Despite their great vulnerability, internally displaced and migrant children and their specific educational needs are often left out of national educational policies and humanitarian response plans. Comprehensive information on their education is difficult to come by, as assessments of their needs are rare and do not follow standard approaches, thus making it difficult to identify trends across time and contexts. Data on internal displacement are rarely able to reflect the specific barriers to education, which will vary by context; a child’s age, gender or disability status; and a family’s income, educational level and other sociodemographic characteristics. These challenges are often compounded by fears displaced and migrant communities have with sharing information with governments if legal protections for their status and protection are not well established. (unicef)

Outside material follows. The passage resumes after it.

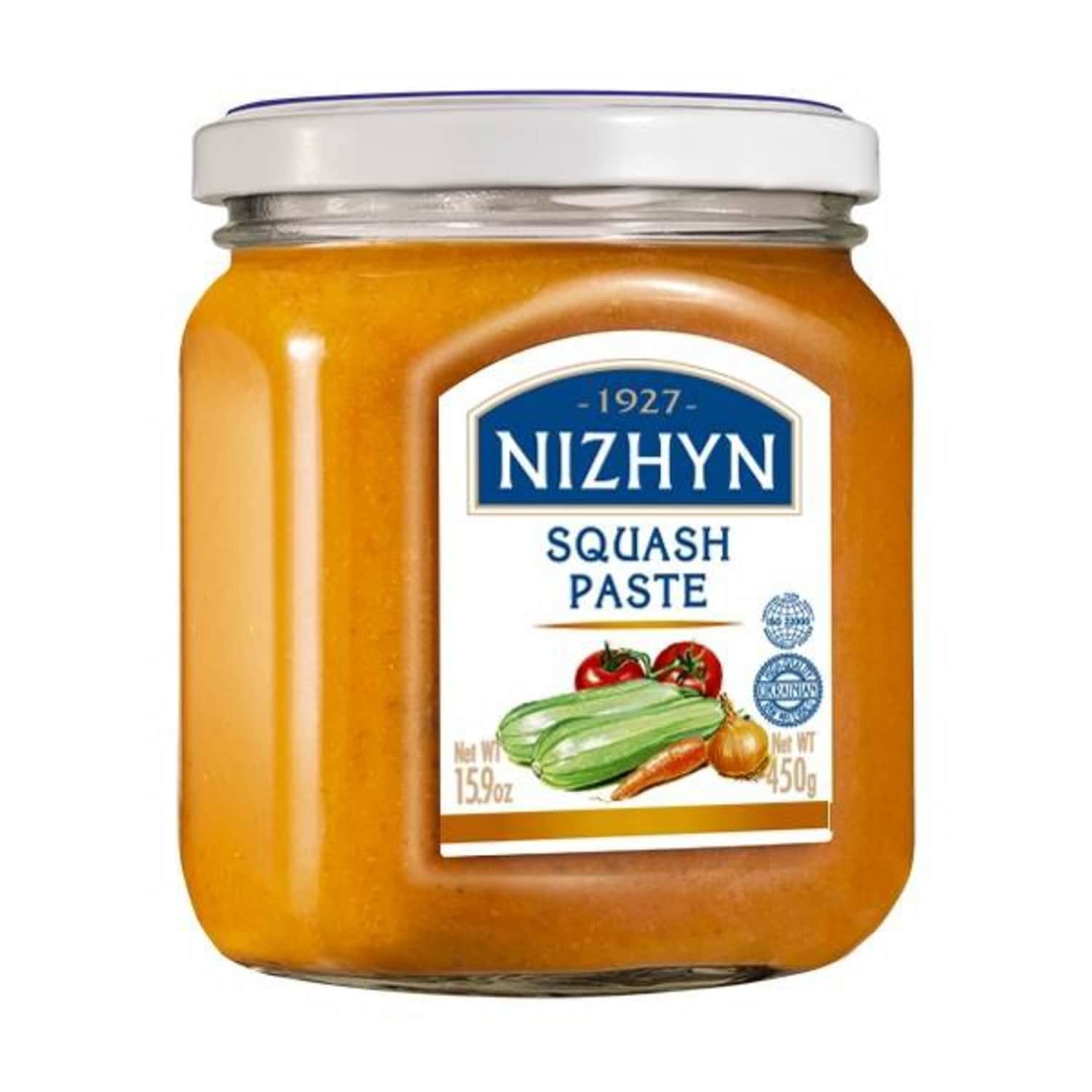 Aguročių užtepėlė NIZHYN, 450 g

Ensuring access to national education systems for internally displaced children is vital, provided it is safe to do so. The reflexive responses of governments to crises, and in many cases the humanitarian actors supporting governments, however, often include offering education outside the formal system. Governments have an obligation to provide equal access to education for internally displaced children, and there is growing consensus that informal schooling is not a sustainable solution. (unicef)
The troubles in the South and North-West which started in 2016 considerably increased the number of internally displaced Cameroonians in the neighbouring French-speaking zones of the West and the Littoral Regions. In the refugee camps or in the invaded zones, class sizes have simply become unmanageable with many of them rising from simple to double or triple. Teachers who were trained to teach around 50 to 100 students per class have suddenly found themselves managing 150 – 200 learners in some classes without any preparation. Among the learners of the same class, some have abandoned school for two to three years. Those learners thus need a special pedagogy. This paper aims to propose some pedagogical solutions to such classes.